Robbie McEwen, former Australian cyclist-turned commentator and a three-time winner of the Tour de France points classification, has apologised after using a homophobic slur on live television. 

The incident occurred last week during the broadcast of stage 10 of the Giro d’Italia on Eurosport and GCN+. 

Trigger Warning: This story discusses the use of a homophobic slur, which might be distressing to some readers. For 24 hour crisis support and suicide prevention call Lifeline on 13 11 14. For Australia-wide LGBTQI peer support call QLife on 1800 184 527 or webchat.

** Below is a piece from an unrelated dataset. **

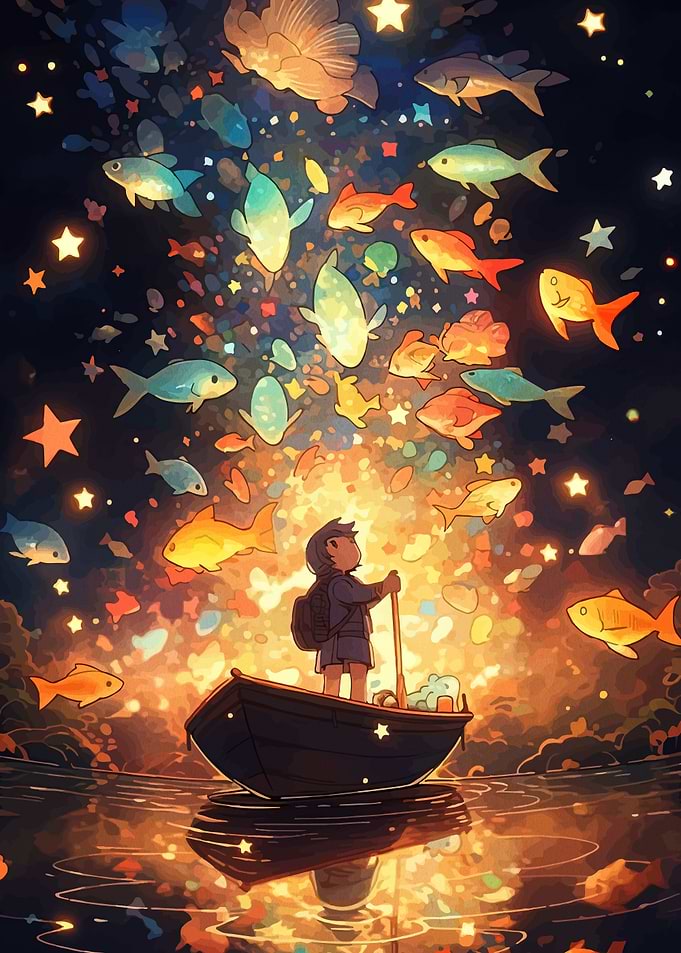 Child in a boat with glowing fish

“I unintentionally used an offensive phrase during my commentary on Stage 10, and I regret both saying it and not immediately apologising on air. I’m genuinely sorry for the language I used, and for letting the team down, but mostly I want to say sorry to anyone who I offended,” McEwen posted on Twitter. 

McEwen Used Homophobic Slur

McEwen is considered to be one of Australia’s greatest cyclists of all time and at his peak was known as world’s fastest sprinter. He turned to sports commentary in 2012 after his retirement and is a widely respected sports commentator. Earlier this year, SBS Australia released him after his contract with the national broadcaster ended and McEwen joined Global Cycling Network. 

On Wednesday, May 19, McEwen was discussing his lunch on-air with his colleague Rob Hatch. During the broadcast, Hatch said that he had bought some fudge on his way back from his lunch break, but had finished it already. 

“You’ve gone in the fudge shop and you’ve consumed it straight away. The fudge packers were wasting their time,” responded McEwen. 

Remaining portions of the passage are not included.